Friday is Juneteenth, the holiday celebrating the end of slavery in the United States. As part of the celebration in Utah, Robert Burch, the president of the state’s Afro-American Historical and Genealogical Society, is encouraging Black Utahns to research their family story.
“In 1865 when slaves were freed, there were four million people whose stories had not been told,” Burch said. “So whatever perception of what we had before the end of the Civil war is inaccurate and untrue simply because we don’t have those people’s stories.”
Burch led a family history and genealogy workshop Monday night as part of the Juneteenth Freedom and Heritage Festival.
“The problem is we haven’t documented the history to help explain why we are where we are now,” Burch said. “There is a very clear narrative that shows how we got to racism in Salt Lake City. And so we can’t keep dismissing [and saying] that the history is not important because it explains why people are marching in the streets.”
So Burch is trying to encourage and teach Black Utahns to research their genealogy to round out the history of Black people in Utah.

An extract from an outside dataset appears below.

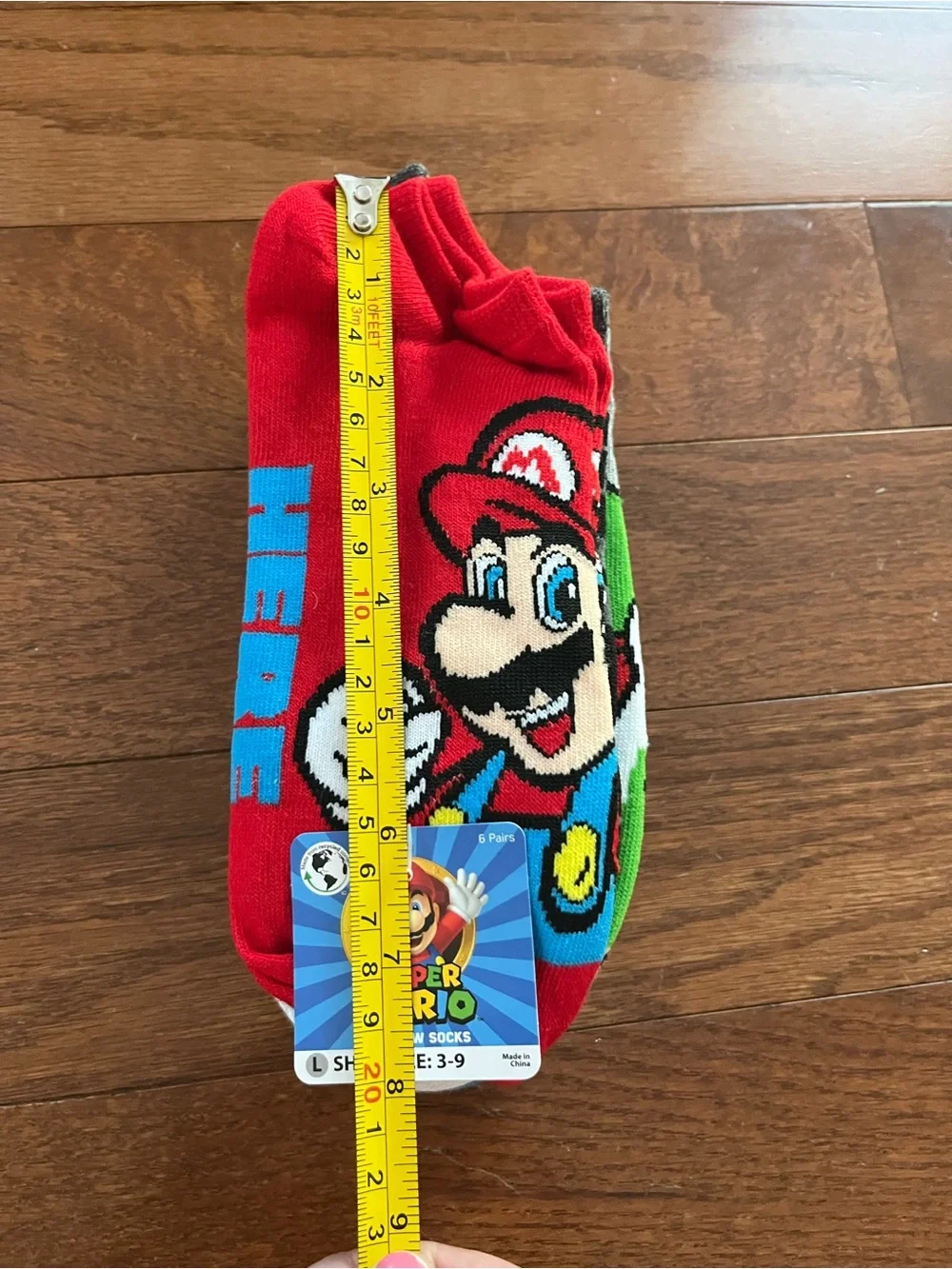 6 Pairs Super Mario No-Show Socks Kids Shoe Size 3-9 NEW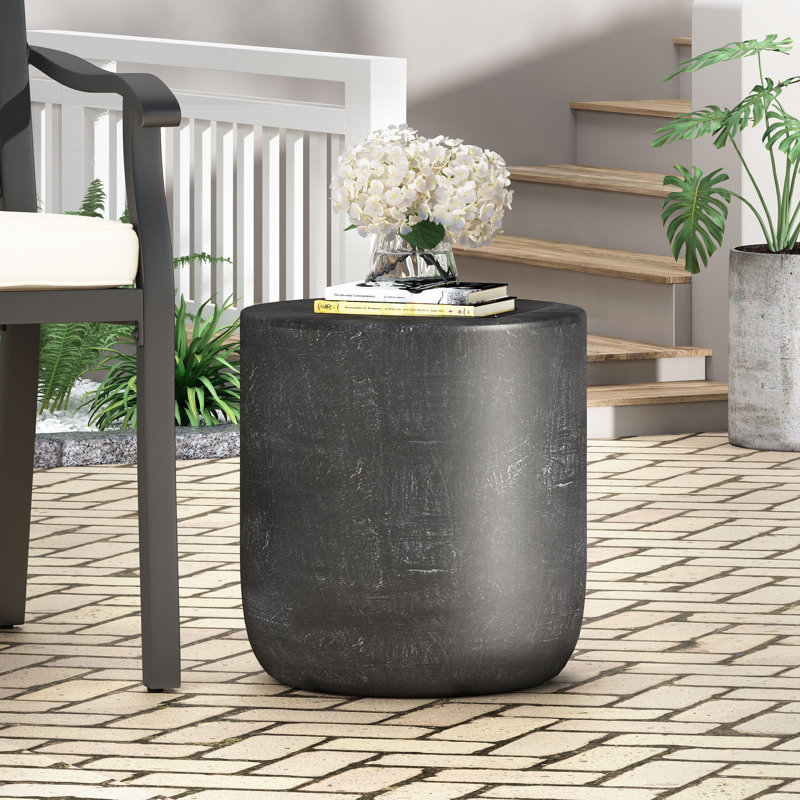 Table d'appoint d'extérieur en béton léger avec structure en tonneau gracieux, Noir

“We’re not trying to rewrite history, what we’re trying to do is complete history because so much of it is lost because the focus has been on the European version of the history,” Burch said. “We need people to start telling those stories so we can get a fuller version of what American history is.”
Burch also wants Black Utahns to keep their journals and documents right now for future generations. History, he says, will be looking back to this moment, and he wants to make sure that black Utahns aren’t left out of the narrative.